I couldn't agree more. I can't figure out why these are Vivaldi's greatest "hits." They sound like so much sawing away at stringed instruments to me and he wrote so many more interesting things, like the guitar and mandolin concertos. I'd as soon hear Frankie Valli and the 4 Seasons.


----------



## Mirror Image (Apr 20, 2009)

JAKE WYB said:


> sibelius - Finlandia and *VALSE TRISTE *- bleurgh - bloody annoying


Finlandia is definitely not one of my favorite Sibelius compositions. "Valse Triste" is okay, but not an outstanding piece of music by any stretch of the word.


----------



## Rondo (Jul 11, 2007)

I'm beginning to get the impression that many people are simply choosing pieces which are _overplayed_ or are more popular among a composer's work. To some extent, I agree. I would mention Canon in D, and how much it annoys me, that is if Pachelbel was one of my favorite composers (which he isn't).


----------



## Mirror Image (Apr 20, 2009)

Rondo said:


> I'm beginning to get the impression that many people are simply choosing pieces which are _overplayed_ or are more popular among a composer's work. To some extent, I agree. I would mention Canon in D, and how much it annoys me, that is if Pachelbel was one of my favorite composers (which he isn't).


You shouldn't get that impression from me, Rondo.

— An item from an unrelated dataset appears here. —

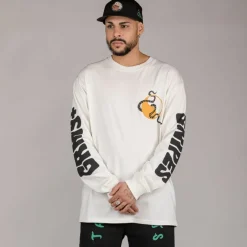 Grimey Camiseta Manga Larga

If I say I dislike a piece of music, it's because I don't like it regardless if it's overplayed or not played enough.

By the way, I HATE "Cannon in D" by Pachelbel!!! That piece is pure, unadulterated garbage.


----------



## Sid James (Feb 7, 2009)

Mirror Image said:


> By the way, I HATE "Cannon in D" by Pachelbel!!! That piece is pure, unadulterated garbage.


I don't think it's garbage. I like it's simplicity and lack of thrills. It gets its message across in a direct, undadulterated way. I'd be surprised if any other composer has come up with a canon as effective. I can't really compare, the only similar work I have heard is Stravinsky's _Double Canon _for string quartet, but it's under 2 minutes long!

Nor can I criticise Sibelius' _Finlandia_ or _Valse Triste_. The former is a quite stirring piece, still one of the best concert openers (?). & the latter shows a keen sense of drama & timing. Apparently, Sibelius had no idea that it would become such a great hit, and regretted selling the rights for royalties early on. Gosh, he must have been kicking himself big time!

I agree with MI, it's not all to do with the popularity of the piece. For example, I really like Rachmaninov's most popular piece, _Vocalise_. If it's in the right hands, like those of Rostropovich, then you get a sense of the longing & melancholy that the composer was trying to convey. It can say just as much to the listener as one of his more substantial pieces. The reason why I nominated Vivaldi's _Four Seasons_ & Bach's _Brandenburg Concertos_ (or Saint-Saens' _Organ Symphony _for that matter) is simply because I enjoy some of their other pieces much more. Anyway, these guys wrote so many masterpieces, that it's only a matter of subjectivity whether one enjoys one over the other...


----------



## JAKE WYB (May 28, 2009)

Rondo said:


> I'm beginning to get the impression that many people are simply choosing pieces which are _overplayed_ or are more popular among a composer's work.** To some extent, I agree.* I would mention Canon in D, and how much it annoys me, that is if Pachelbel was one of my favorite composers (which he isn't).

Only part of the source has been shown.